Strength and weaknesses:
A strength of this study is its innovative focus on ethical dilemmas, a domain often overlooked in AI–psychiatry research. By using well-established case scenarios and comparing ChatGPT’s responses to an expert answer key, the study provided a structured way to evaluate AI’s ethical reasoning. Another strength lies in the nuanced analysis: rather than labeling responses simply as correct or incorrect, the authors considered why ChatGPT’s ethical emphasis diverged, offering insights into AI’s interpretive patterns. Additionally, the findings underscore the potential of AI as a supplementary tool in shared decision-making, particularly in ethically charged clinical settings.
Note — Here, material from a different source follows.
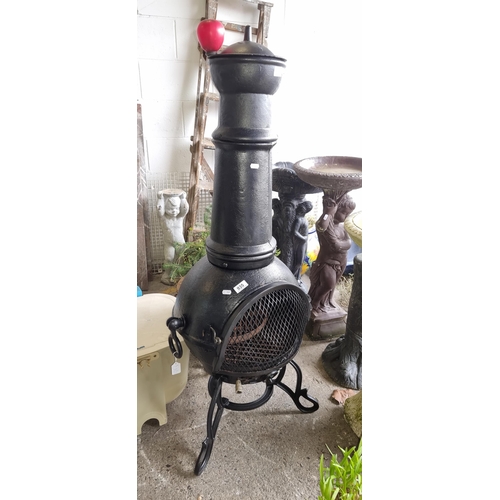 935 - A large black  cast iron chimney, featuring a classic round belly and an ornate mesh door, perfect f...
The study’s main limitation is its small sample size, restricted to three case scenarios with fourteen sub-questions. This narrow scope limits generalizability and may not reflect the diversity of ethical dilemmas encountered in real-world bipolar disorder care. Another limitation is the reliance on ChatGPT 3.5, an earlier model, meaning the findings may not fully apply to newer, more advanced versions. Furthermore, the study did not assess consistency by repeating prompts under varying conditions, leaving open the possibility of variability in AI outputs. Finally, because ethical dilemmas inherently allow for multiple valid approaches, discrepancies between ChatGPT and the answer key cannot be interpreted as purely errors but instead reflect subjective prioritization of ethical principles.

Relevance:
For consultation-liaison psychiatrists, this study is highly relevant because ethical dilemmas are a core part of daily clinical practice, especially when managing acutely ill, high-risk patients with bipolar disorder. The findings suggest that AI tools like ChatGPT can offer useful frameworks or reminders of core ethical principles during decision-making but should never replace human clinical judgment. C-L psychiatrists may find value in AI as a supportive tool for teaching trainees, facilitating ethics discussions, and providing rapid overviews of complex cases. However, this research underscores the necessity of skepticism and critical appraisal when integrating AI into ethically sensitive contexts, reinforcing that ultimate responsibility must remain with clinicians.